A single trail of dinosaur footprints in a quarry northwest of London preserves a record of two different walking styles in the same animal, a tantalizing clue that some lumbering, bipedal dinosaurs could also run.

The trail of three-toed imprints is in a 163-million-year-old layer of white limestone. The footprints were probably made by a Megalosaurus, a 9-meter-long, meat-eating dinosaur first described in 1826, says Julia J. Day, a paleontologist at the University of Cambridge in England.

In a 35-m section of the trackway, the footprints are spaced about 3 m apart and pointed slightly away from the line of the animal’s path. The fossilized imprints in this segment of the trail form an almost straight line, a clue that the animal was placing its feet almost directly beneath its body as it ran, Day notes.

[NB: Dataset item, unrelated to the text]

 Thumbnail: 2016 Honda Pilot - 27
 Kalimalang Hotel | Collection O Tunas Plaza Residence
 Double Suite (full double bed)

Then, within a half-dozen steps, the spacing between footfalls drops to about 1.3 m, the imprints become pigeon-toed, and the tracks become more distant from the center of the animal’s path.

Using formulas that relate the length of the dinosaur’s foot to its height, Day and her colleagues estimate that the animal’s hips were about 2 m off the ground. That, plus measurements of the creature’s stride length, enabled the scientists to compute the animal’s speed at different points along its fossilized jaunt. When running, the Megalosaurus sprinted along at about 29 kilometers per hour. At the slower gait, it walked at a mere 7 km/hr, just a little faster than people walk. The researchers report their findings in the Jan. 31 Nature.

The simultaneous changes in footprint orientation and spacing preserved in the trackway suggest that Megalosaurus and its cousins could shift gears and run more efficiently when necessary, says Day. Because the imprints immortalized only a short portion of the creature’s dash, it remains unclear just how long a large, bipedal dinosaur could sustain a sprint.